Assigned task: Every line from the one holding "nissan serena 2020" through the last line of the records must be retyped exactly, and no other line or picture may appear in the copy.

*** Supplied material ***

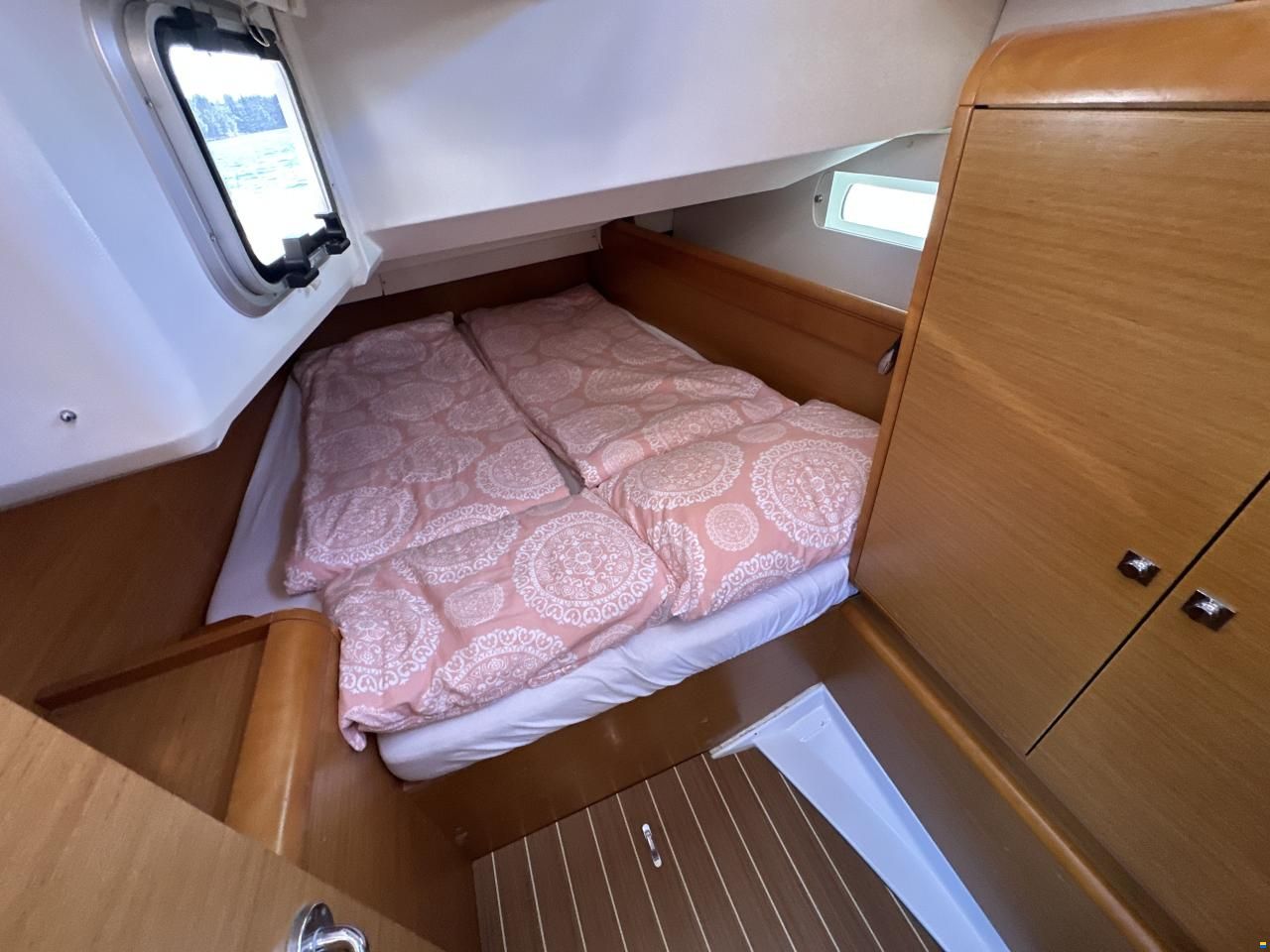 Jeanneau Sun Odyssey 439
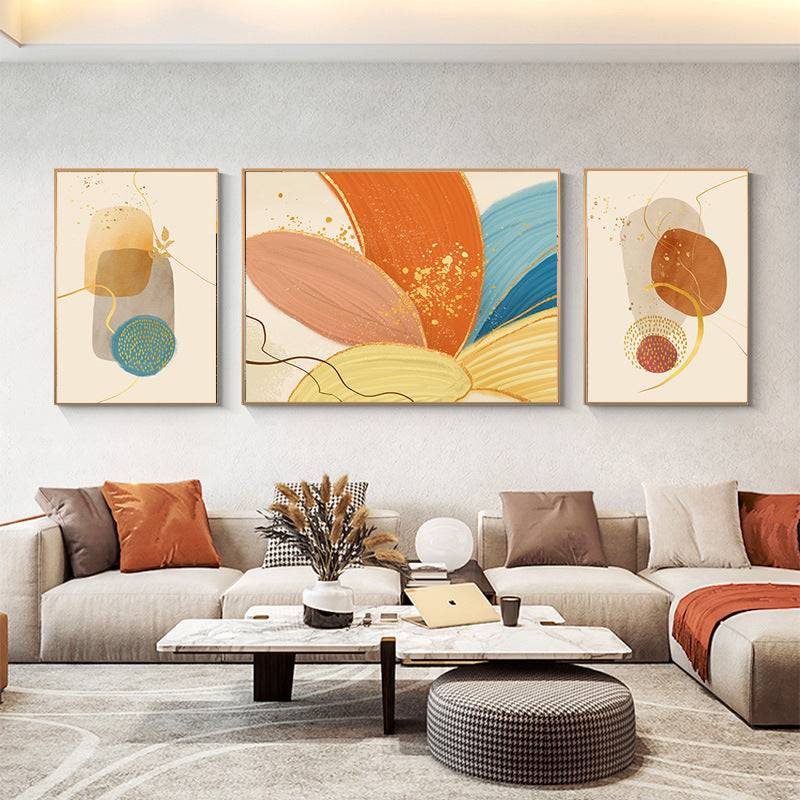 Modern Simple Living Room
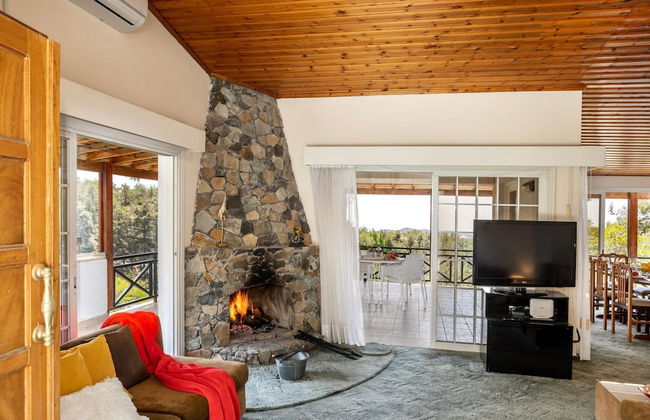 Platres Forest Panorama - Foto 17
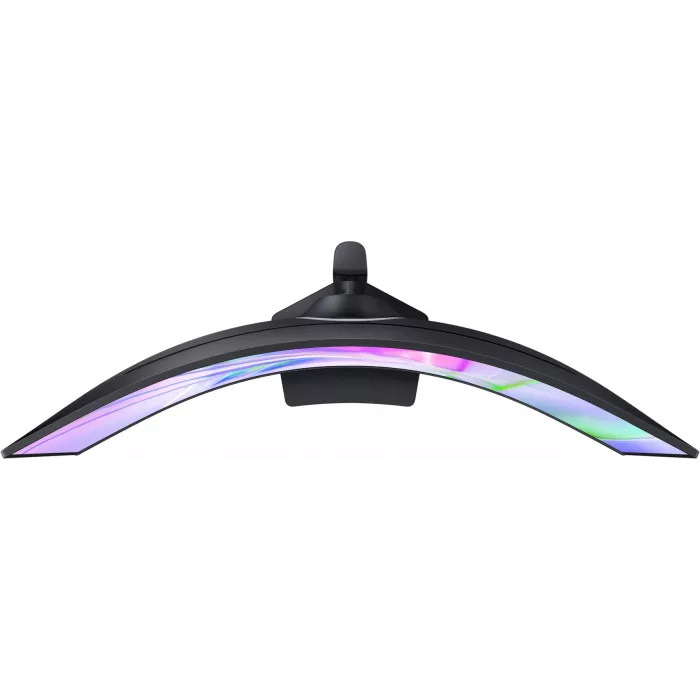Монитор Samsung 49" ViewFinity S9 S49C950UAIXCI черный VA LED 32:9 HDMI M/M матовая HAS Piv 350cd 178гр/178гр 5120x1440 120Hz DP USB 15.6кг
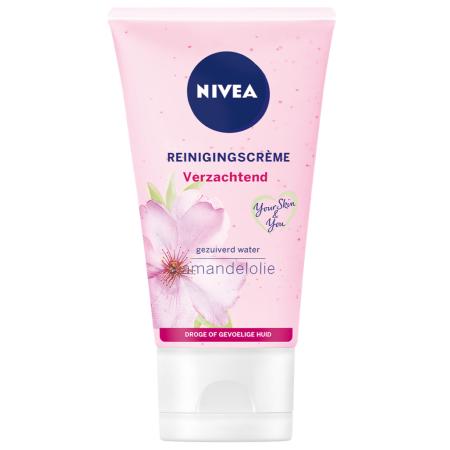 Nivea Essentials Verzachtende Reinigingscrème
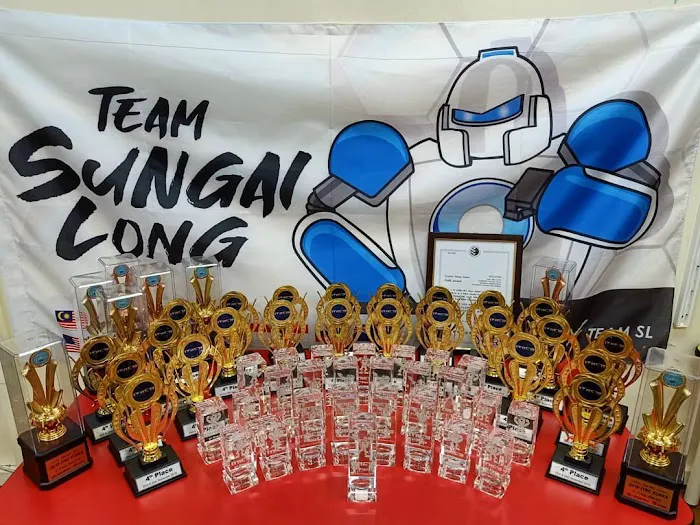 My-Robot Sg Long - Robotics & Coding Academy Picture 10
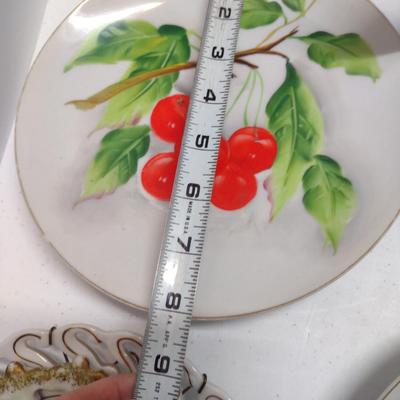 Collection of Decorative Plates- Assorted Makers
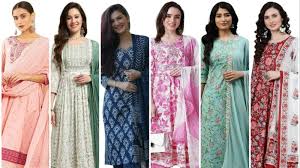 amazon cotton kurta set
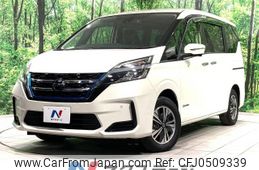 nissan serena 2020 -NISSAN--Serena DAA-HC27--HC27-015154---NISSAN--Serena DAA-HC27--HC27-015154-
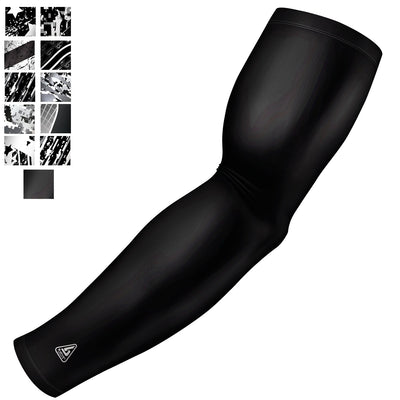 black arm sleeve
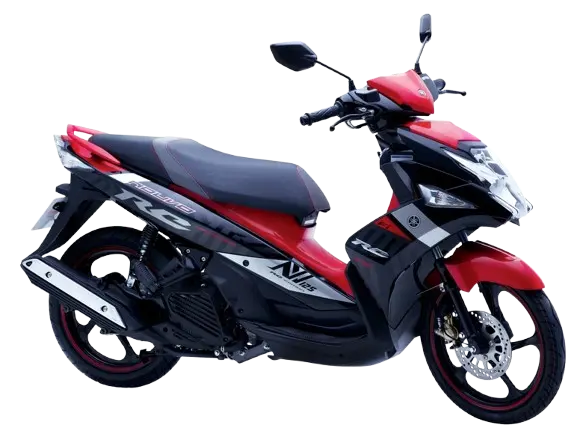 Yamaha Nouvo Fi 2015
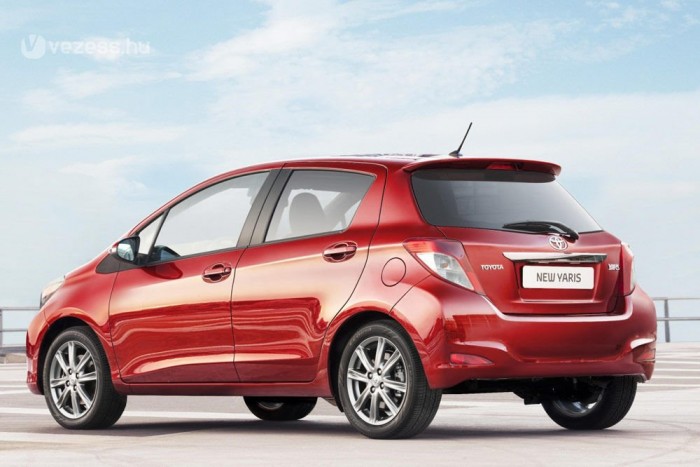 Itt a legfontosabb Toyota 6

***

Solution:
 nissan serena 2020 -NISSAN--Serena DAA-HC27--HC27-015154---NISSAN--Serena DAA-HC27--HC27-015154-
 black arm sleeve
 Yamaha Nouvo Fi 2015
 Itt a legfontosabb Toyota 6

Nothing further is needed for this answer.